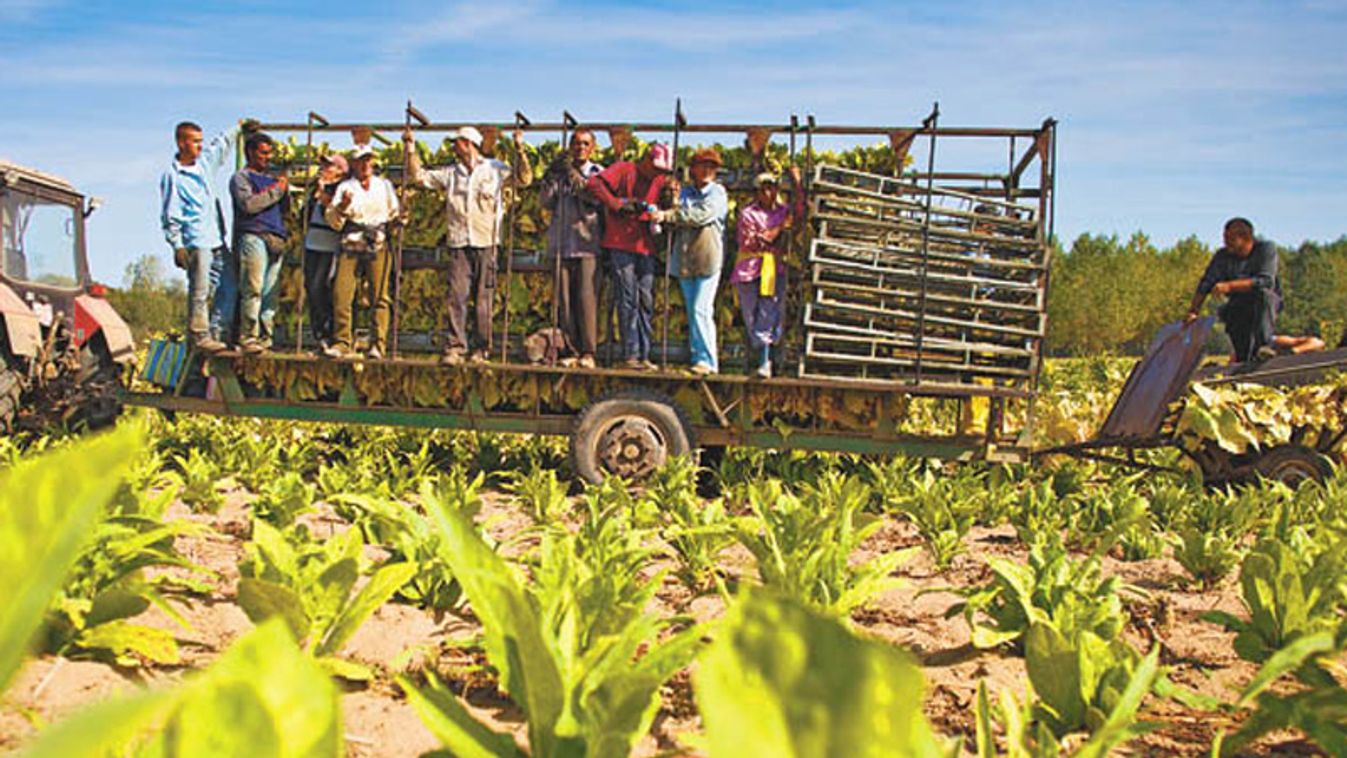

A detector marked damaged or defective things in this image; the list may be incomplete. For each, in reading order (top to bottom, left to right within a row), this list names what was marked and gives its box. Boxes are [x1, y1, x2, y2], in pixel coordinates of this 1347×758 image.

rusty metal panel [1099, 317, 1217, 441]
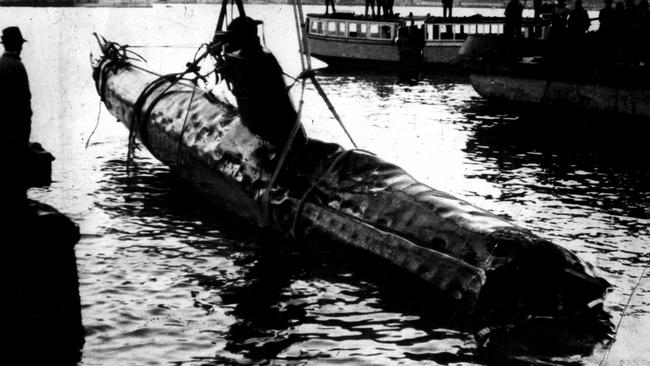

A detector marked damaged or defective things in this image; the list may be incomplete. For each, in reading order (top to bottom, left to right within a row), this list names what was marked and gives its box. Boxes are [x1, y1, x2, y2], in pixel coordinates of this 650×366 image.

corroded metal hull [91, 50, 608, 314]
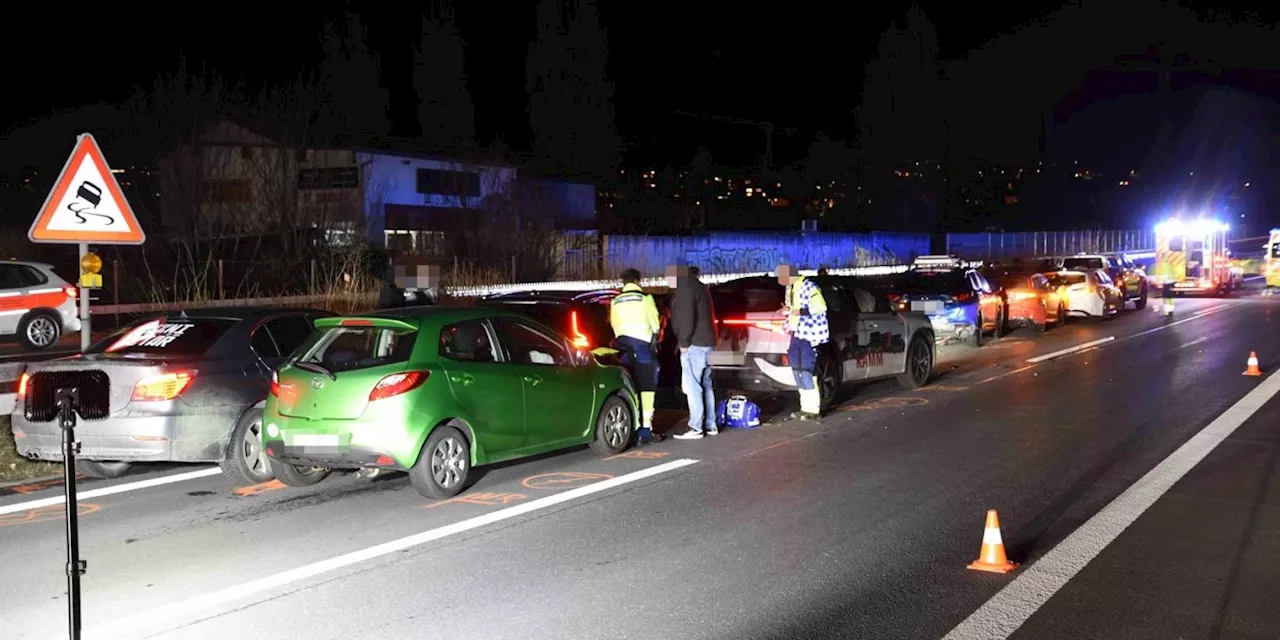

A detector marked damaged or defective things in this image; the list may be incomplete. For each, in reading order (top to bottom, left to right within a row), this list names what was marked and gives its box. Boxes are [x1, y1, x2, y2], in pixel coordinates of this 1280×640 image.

dark damaged car [11, 307, 330, 481]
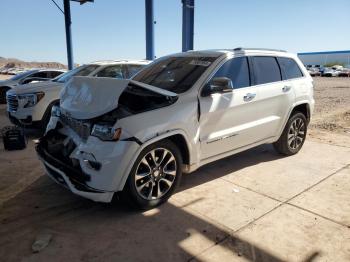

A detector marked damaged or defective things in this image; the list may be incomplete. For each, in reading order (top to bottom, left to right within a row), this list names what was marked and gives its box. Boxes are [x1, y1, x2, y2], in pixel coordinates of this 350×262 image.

broken headlight [91, 124, 122, 141]
crumpled hood [59, 76, 178, 119]
damaged white suv [36, 48, 314, 209]
wrecked vehicle [36, 48, 314, 209]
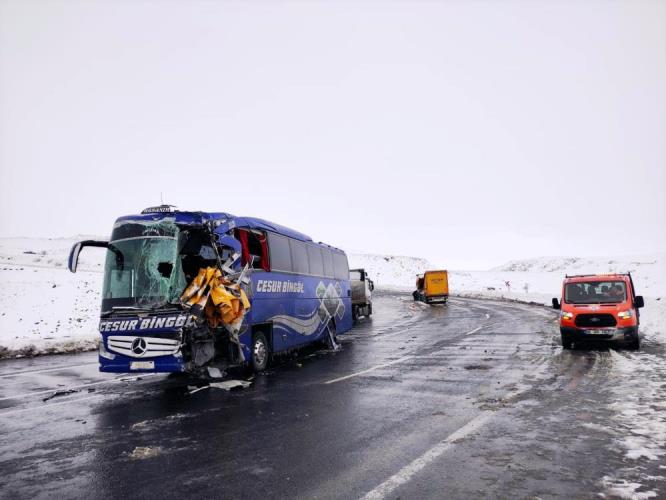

### What to do
Please set the records down again exactly as written. The pictures should not be included.

### Response area
A detector marked damaged or defective things in this image; the list may be incomplete. For each, in reading order (top to bottom, left to right within a row), this list names what was marked and gives its box. Boxes are [x1, y1, x2, y2], in pixel coordinates of this 1347×758 image.

rusty metal panel [1099, 317, 1217, 441]

A detector marked damaged or defective things in this image; the list may be incomplete. For each, in reading order (top to bottom, left to right within a row), this list names what was marked and gives its box. Boxes are [x1, y1, x2, y2], in pixel coordinates of this 650×366 image.

corroded metal hull [91, 50, 608, 314]

A detector marked damaged or defective things in this image; the list may be incomplete. For each, in reading order (top to bottom, left to right within a row), this list names what was marked and gives its box. Boxes are [x1, y1, x2, y2], in pixel coordinates of this 1280×640 image.

dark damaged car [11, 307, 330, 481]

A detector marked damaged or defective things in this image; the list may be incomplete. For each, in reading order (top to bottom, left to right within a row), this list names what was marked and gives its box. Boxes are [x1, y1, x2, y2], in pixel coordinates of this 350×262 image.

broken headlight [91, 124, 122, 141]
crumpled hood [59, 76, 178, 119]
damaged white suv [36, 48, 314, 209]
wrecked vehicle [36, 48, 314, 209]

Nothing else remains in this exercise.